**Task brief:**
Restate the records word for word. Include no pictures.

**Input material:**
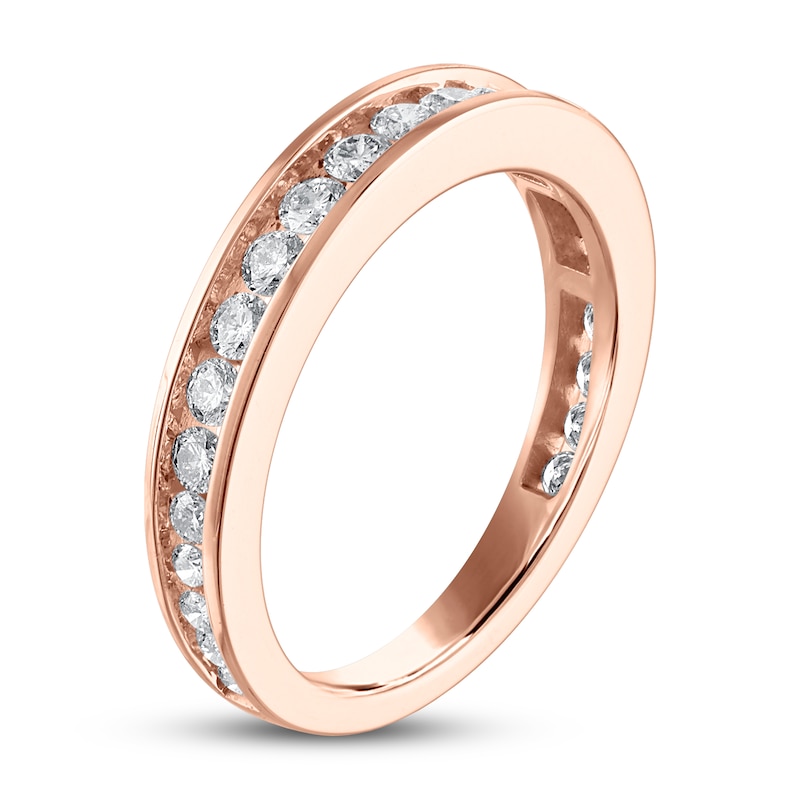 Diamond Wedding Band 3/4 ct tw Round-cut Rose Gold Plated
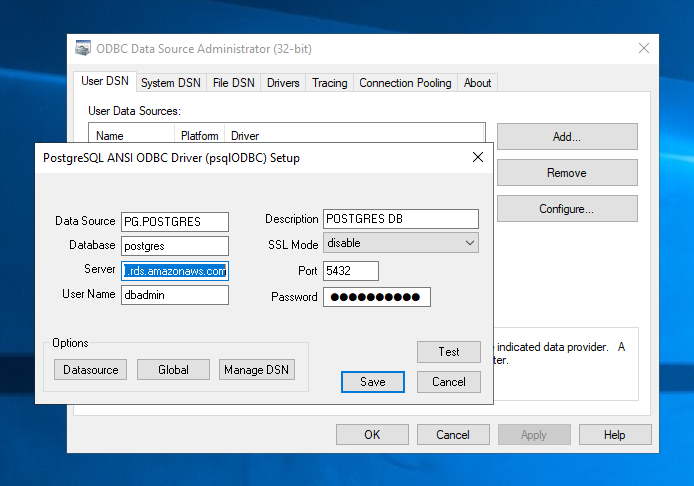 Configurando a conexão ODBC do Postgres no Enterprise Developer.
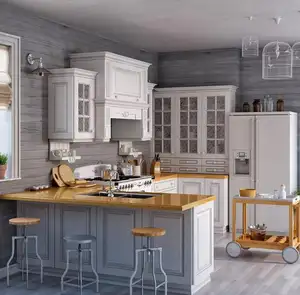 Tasarım katı ahşap U şekli mutfak dolabı granit tezgah üstü tamamlanmış mutfak dolabı seti çin'de en çok satan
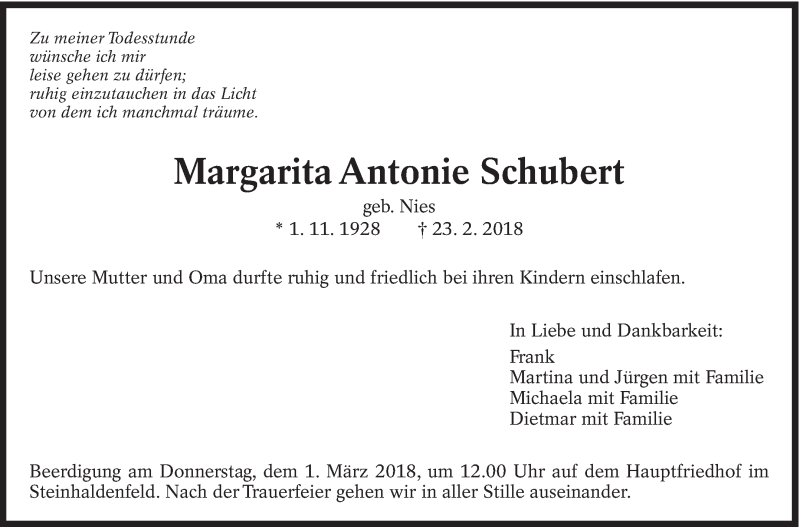  Traueranzeige für Margarita Antonie Schubert vom 27.02.2018 aus Eßlinger Zeitung/Cannstatter Zeitung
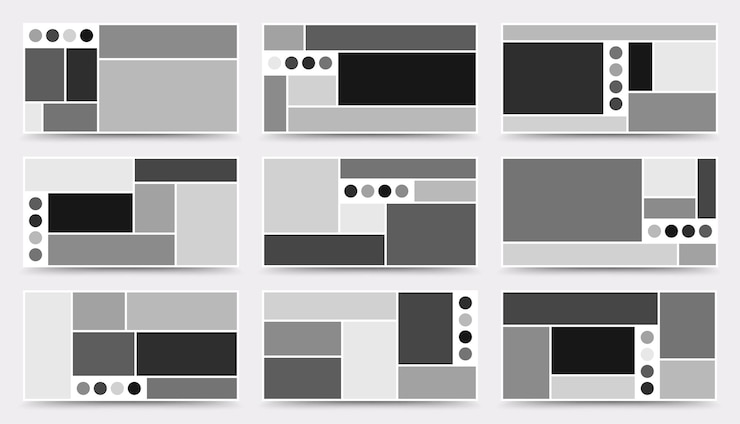 Vecteur modèle de moodboard mise en page de collage de photos moodboard minimaliste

**Task answer:**
 Diamond Wedding Band 3/4 ct tw Round-cut Rose Gold Plated
 Configurando a conexão ODBC do Postgres no Enterprise Developer.
 Tasarım katı ahşap U şekli mutfak dolabı granit tezgah üstü tamamlanmış mutfak dolabı seti çin'de en çok satan
  Traueranzeige für Margarita Antonie Schubert vom 27.02.2018 aus Eßlinger Zeitung/Cannstatter Zeitung
 Vecteur modèle de moodboard mise en page de collage de photos moodboard minimaliste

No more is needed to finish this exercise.